A History of Western Philosophy

Home > Nonfiction > A History of Western Philosophy > Page 34
A History of Western Philosophy Page 34

by Bertrand Russell


  Much more important historically (though not philosophically) than the earlier Stoics were the three who were connected with Rome: Seneca, Epictetus, and Marcus Aurelius—a minister, a slave, and an emperor, respectively.

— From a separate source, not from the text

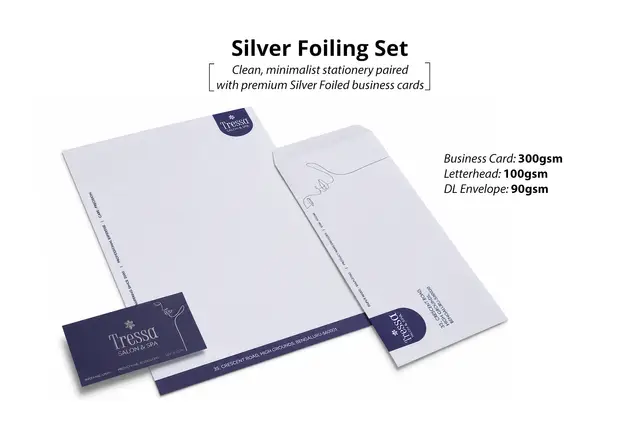 Elevate your business identity with premium stationery featuring elegant Spot UV business cards that create a refined first impression. Business Card Finish: Spot UV, Gold Foil, or Silver Foil on 300 GSM Lykam Matt Paper Letterheads: 100 GSM Excel Bond Pa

  Seneca (ca. 3 B.C. to A.D. 65) was a Spaniard, whose father was a cultivated man living in Rome. Seneca adopted a political career, and was being moderately successful when he was banished to Corsica (A.D. 41) by the Emperor Claudius, because he had incurred the enmity of the Empress Messalina. Claudius’s second wife Agrippina recalled Seneca from exile in A.D. 48, and appointed him tutor to her son, aged eleven. Seneca was less fortunate than Aristotle in his pupil, who was the Emperor Nero. Although, as a Stoic, Seneca officially despised riches, he amassed a huge fortune, amounting, it was said, to three hundred million sesterces (about twelve million dollars). Much of this he acquired by lending money in Britain; according to Dio, the excessive rates of interest that he exacted were among the causes of revolt in that country. The heroic Queen Boadicea, if this is true, was heading a rebellion against capitalism as represented by the philosophic apostle of austerity.

  Gradually, as Nero’s excesses grew more unbridled, Seneca fell increasingly out of favour. At length he was accused, justly or unjustly, of complicity in a wide-spread conspiracy to murder Nero and place a new emperor—some said, Seneca himself—upon the throne. In view of his former services, he was graciously permitted to commit suicide. (A.D. 65).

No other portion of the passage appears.